I’m interested to hear how you’ve handled scaling up Prefect and dealing with a large code-base.
We have around ~40 data pipelines to manage, around ~15 using Prefect. We’re building new pipelines all the time and old pipelines are being migrated too.
Currently these pipelines run the ELT process end to end and we have helper libraries that are reused across pipelines.
We’re considering how best to architect these pipelines to encourage code-reuse and effectively maintain them. We’ll have 3 teams maintaining them so code ownership is a consideration too.
One idea is to split up the pipelines so they don’t run the full process end to end. We could use an event driven architecture, so smaller flows are triggered to run based on an external event handler. It gives us more choices for team ownership and could make it a little easier to replace or add steps in the ELT process.
The alternative is to keep doing what we’re doing and make the most of shared libraries to encourage code reuse.

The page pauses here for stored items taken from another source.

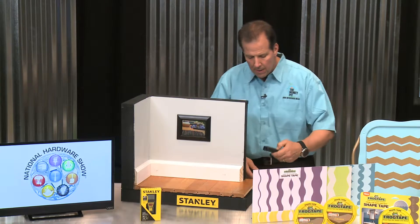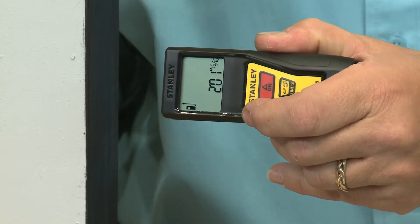Let me show you how easy this is to use. You simply turn the laser on, point it at the surface that you want to measure, click it once, and there you have it. It's as simple as that.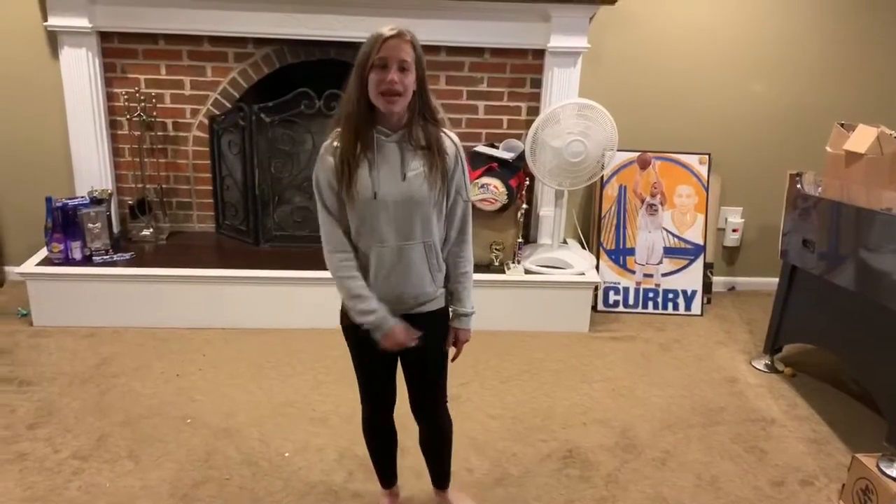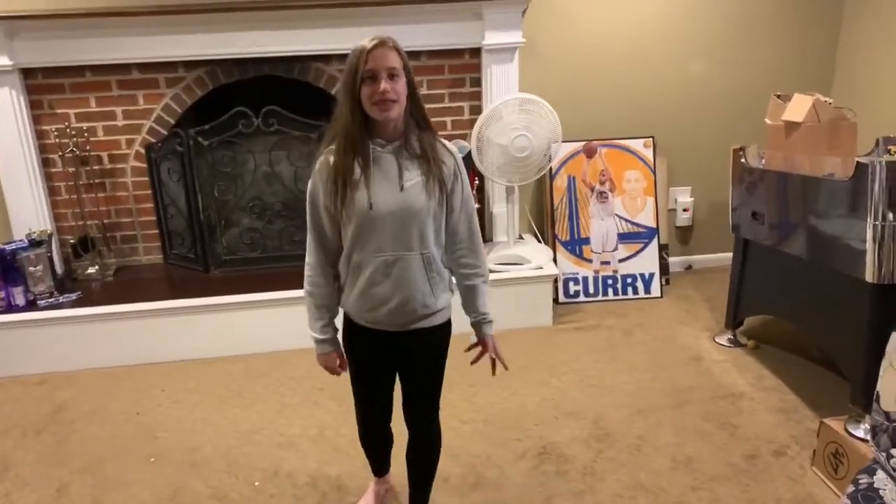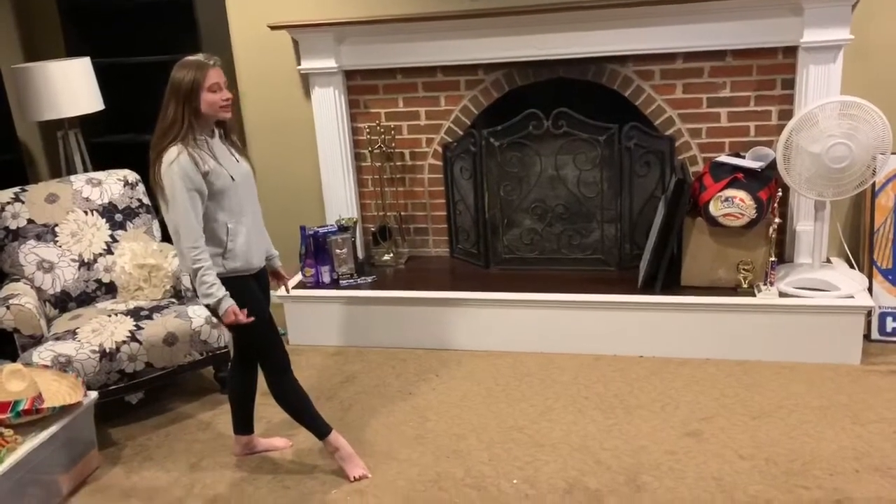Hey guys, welcome to Rainbow Gymnastics Coaches Corner. I'm Miss Riley, and today I'm going to be teaching you how to do a sashay step leap for level two.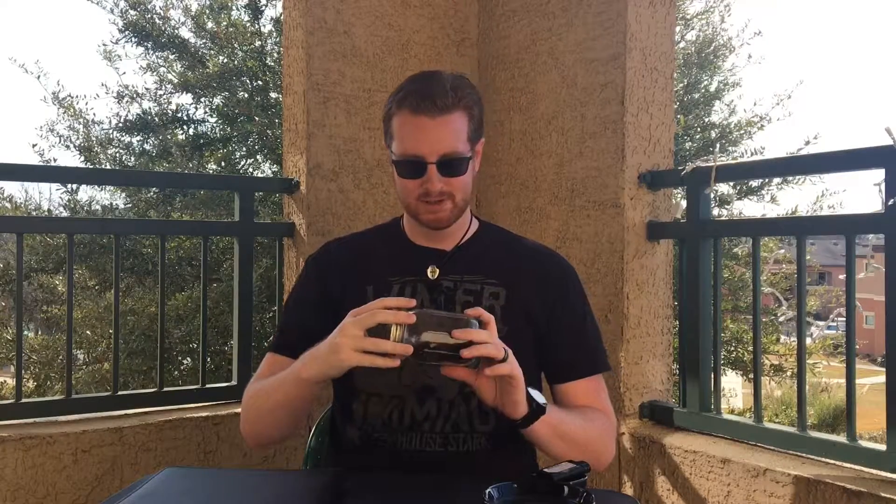Good morning. Welcome to Gentleman's Corner. My name is David. Today we're going to be talking about this — Captain Black regular pipe tobacco. This is from one of my most recent orders from Pipes and Cigars.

In either case, we’ll do more to use configuration so similar datasets are processed using the same data pipeline.
I’d be keen to hear your approach to handling large code-bases.
05/13/2022, 10:50 AM
About scale: if you leverage Prefect Cloud, you don't need to worry about scaling up the entire orchestration API - you only need to ensure your execution layer scales, and this is relatively straightforward if you leverage e.g. horizontally scaled Kubernetes cluster or even serverless/autopilot Kubernetes cluster. For Prefect Server check this topic and related topic linked there.

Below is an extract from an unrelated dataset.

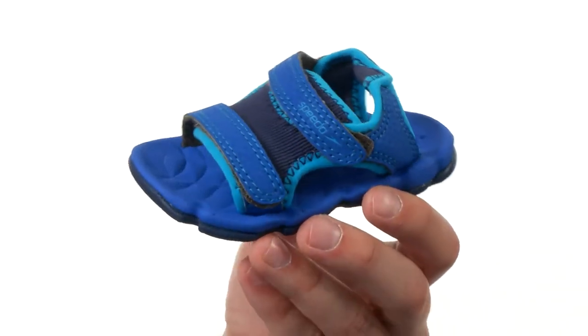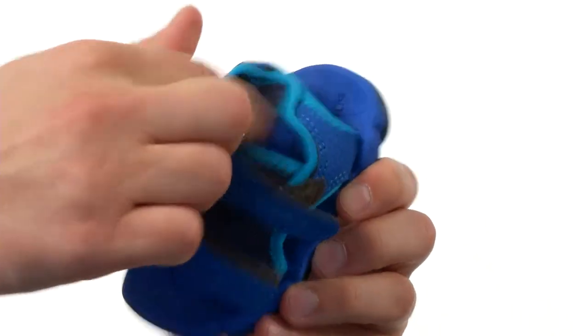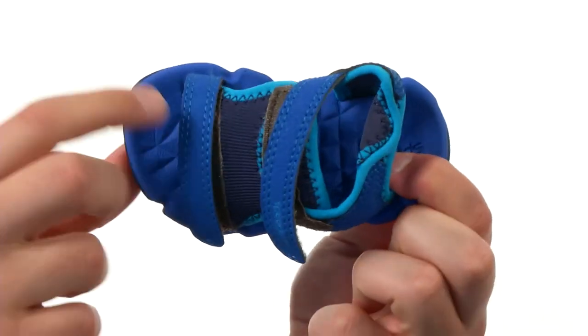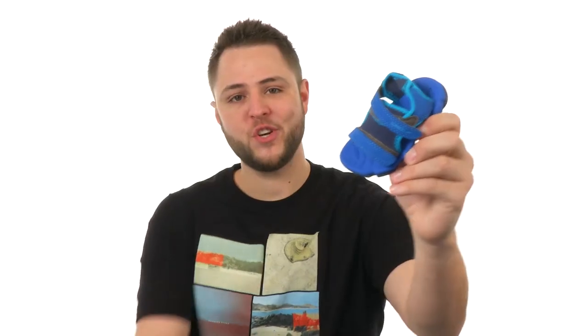These awesome sandals are constructed out of an extremely durable material. You have dual hook and loop straps on top to ensure a snug, secure fit. Very soft lining on the inside, tons of comfort in the footbed — it is extra squishy. And down on the bottom, we have an extremely durable outsole. Make sure you check them out, they're from Speedo Kits.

For repository structure, I understand that it's an important and not easy decision but you need to consider (based on your use case/team needs):
• whether monorepo or one repo per project makes more sense
• what are code dependencies of specific flows/projects - those might be easier to manage in a single repo e.g. to reuse some shared utility modules and shared Docker images
For some repository examples and packaging dependencies, check this one
Also, this discussion may help
and re event-driven workflows, that's totally supported, this page dives deeper into it
05/13/2022, 12:53 PM
Thanks very much @Anna Geller. Will check out those links.